To do: Everything from the line holding "Apartamento para venda" through the final line of the entries below is to be written out exactly, and nothing more; leave out pictures.
──────────────────────────────
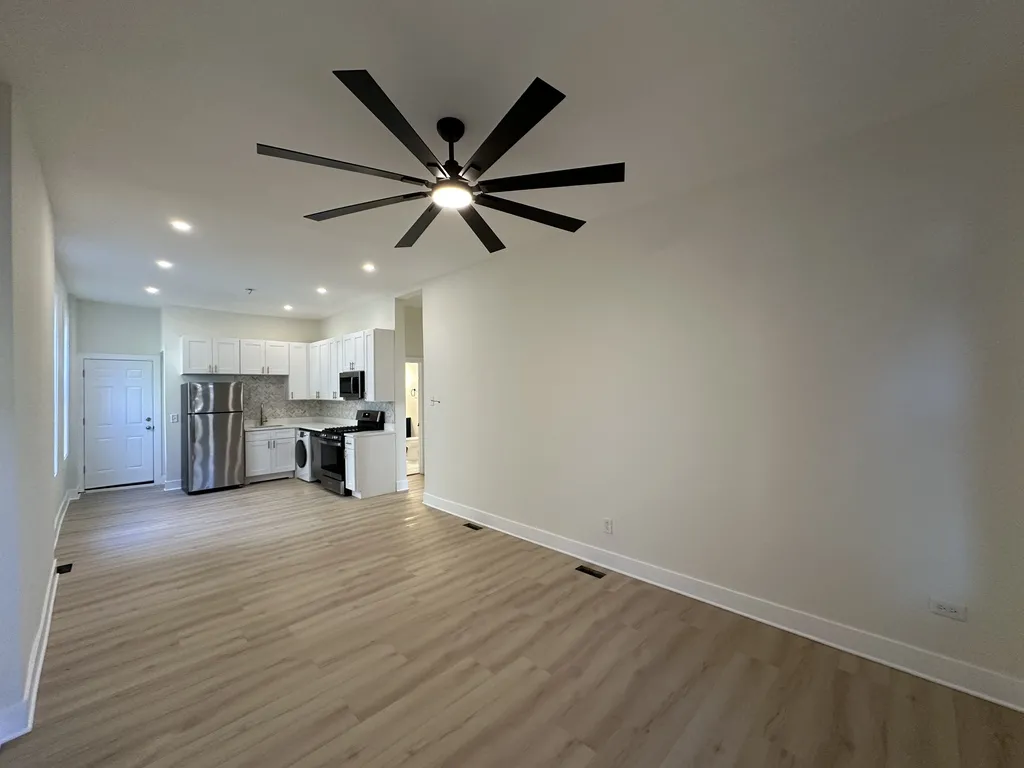 1322 W Ohio, , 60642 60642-unit#R2-Chicago-IL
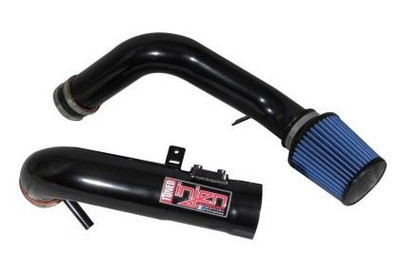 Injen 08-09 xB Black Cold Air Intake SP2106BLK Injen 08-09 xB Black Cold Air Intake SP2106BLK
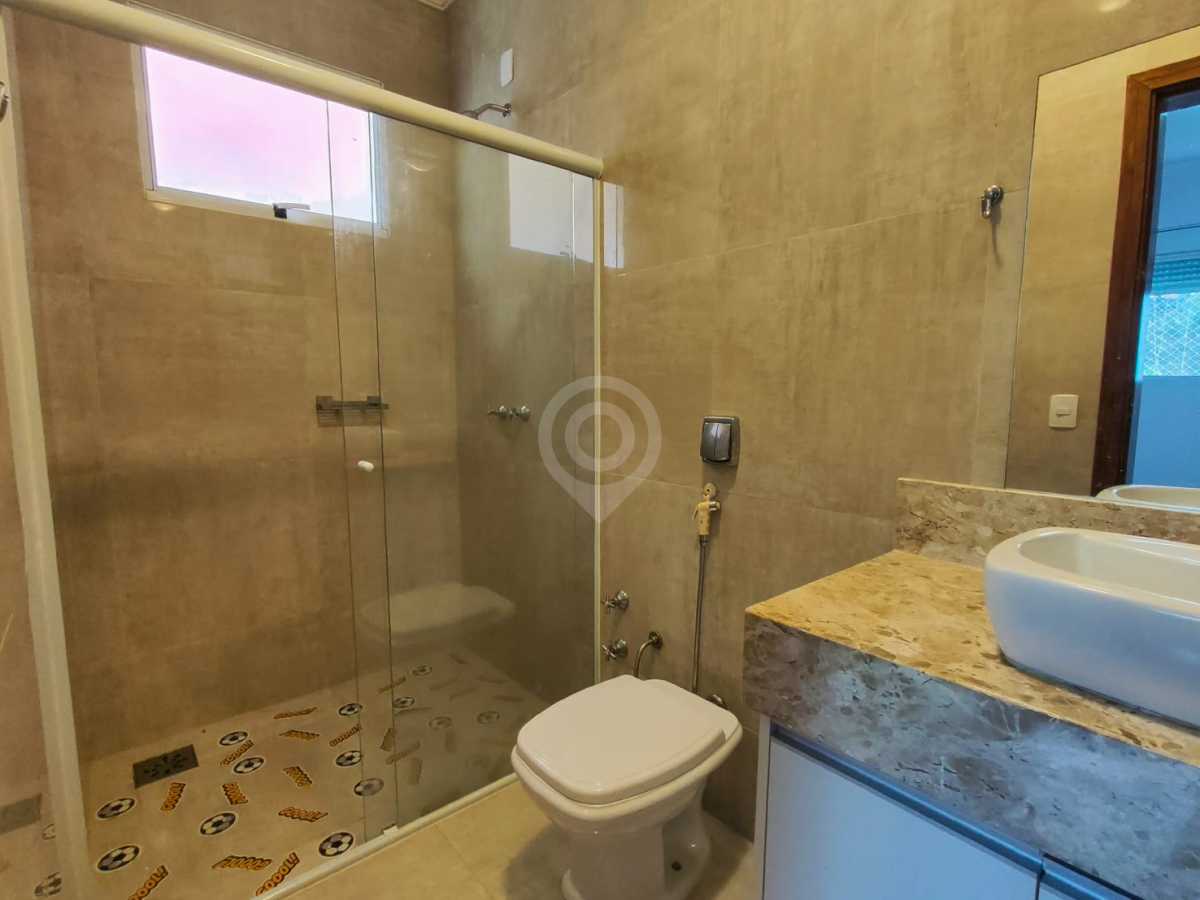 Conheça WhatsApp Image 2026-10-26 at 1 do imóvel - Casa em Condomínio 3 quartos para alugar Residencial Sete Lagos - Itatiba,SP - R$ 6.500 - VICN30740 - 14 WhatsApp Image 2026-10-26 at 1 - 14
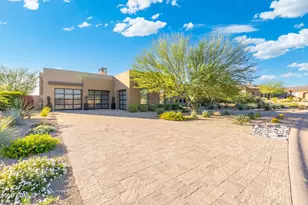 36782 N 108th Pl, Scottsdale, AZ 85262 - Photo 7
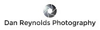 Dan Reynolds Photography Logo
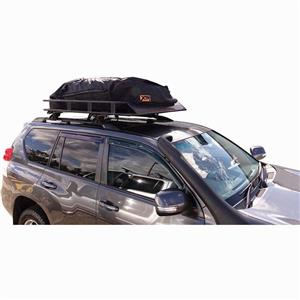 XTM Roof Cargo Bag 4WD Accessory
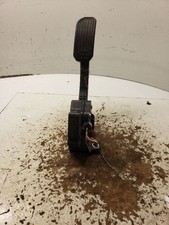2012 xb scion parts for sale 2012 xb scion parts for sale Seymour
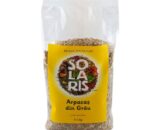 ARPACAS 1KG SOLARIS
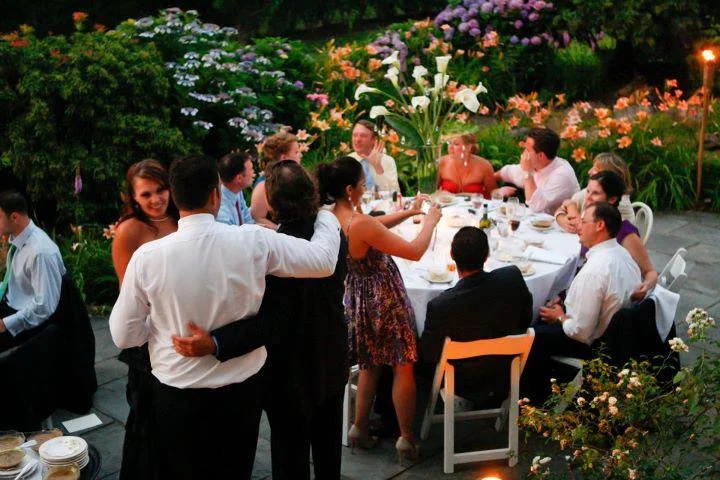 Hamptons_Shelter_Island_Events_Rams_Head_Inn___03.jpg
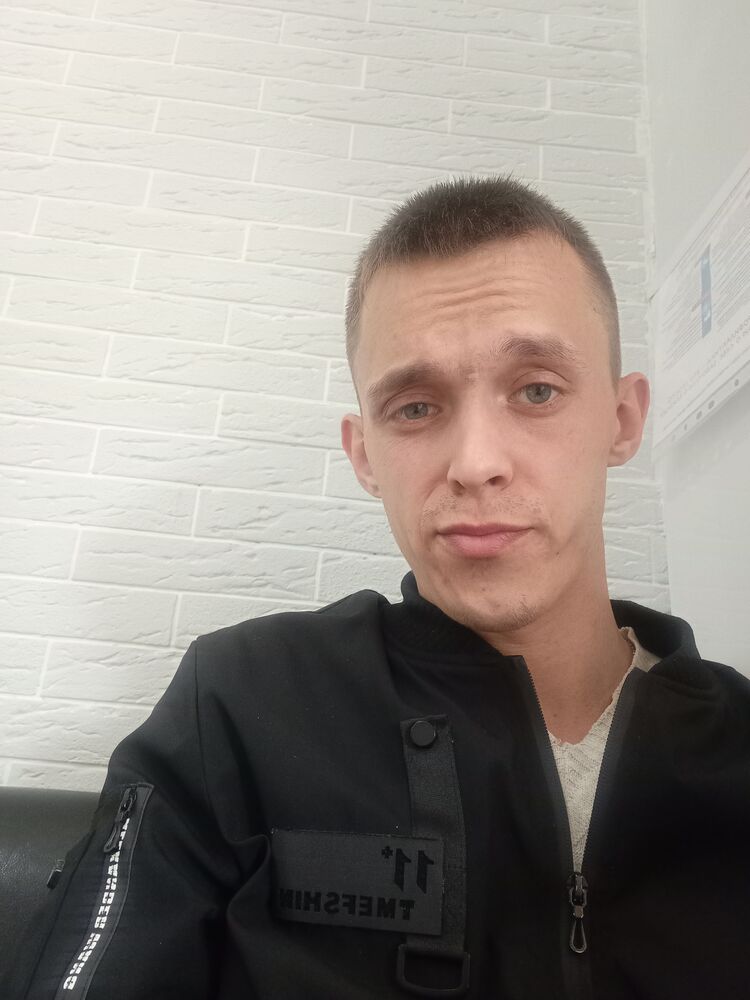  37297036   , 30 ,    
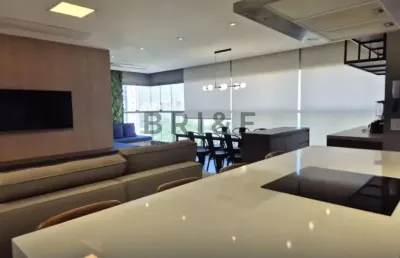 Apartamento para venda e locação 95m², 3 dormitórios, 2 vagas - vila olimpia - são paulo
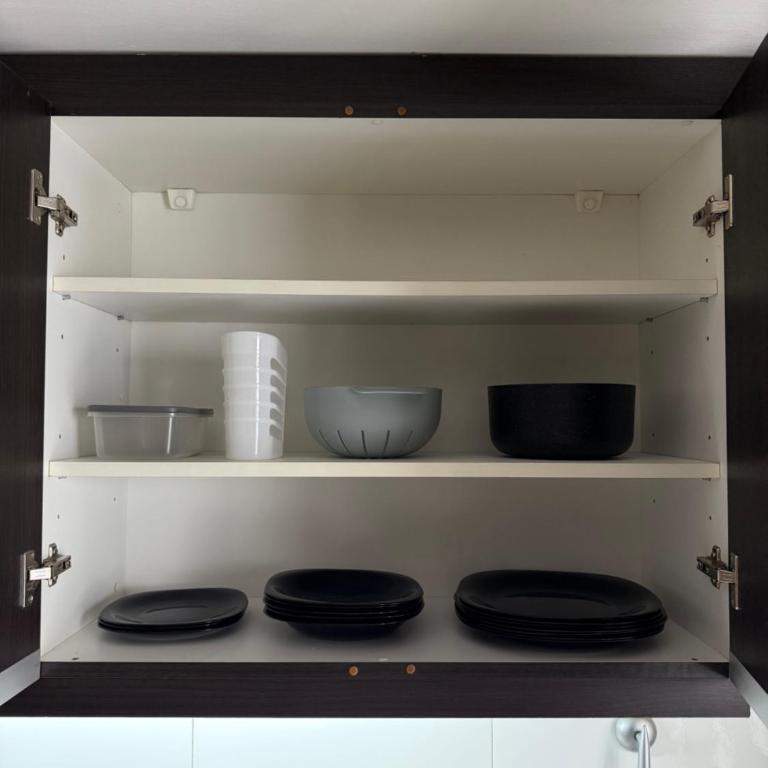  - Duplex Apartment - 15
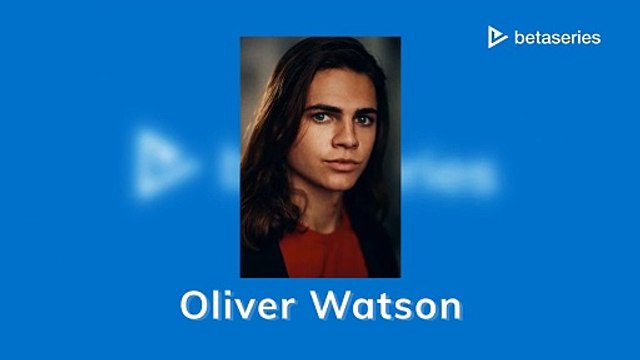 Oliver Watson (ES)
──────────────────────────────
Solution to this exercise:
 Apartamento para venda e locação 95m², 3 dormitórios, 2 vagas - vila olimpia - são paulo
  - Duplex Apartment - 15
 Oliver Watson (ES)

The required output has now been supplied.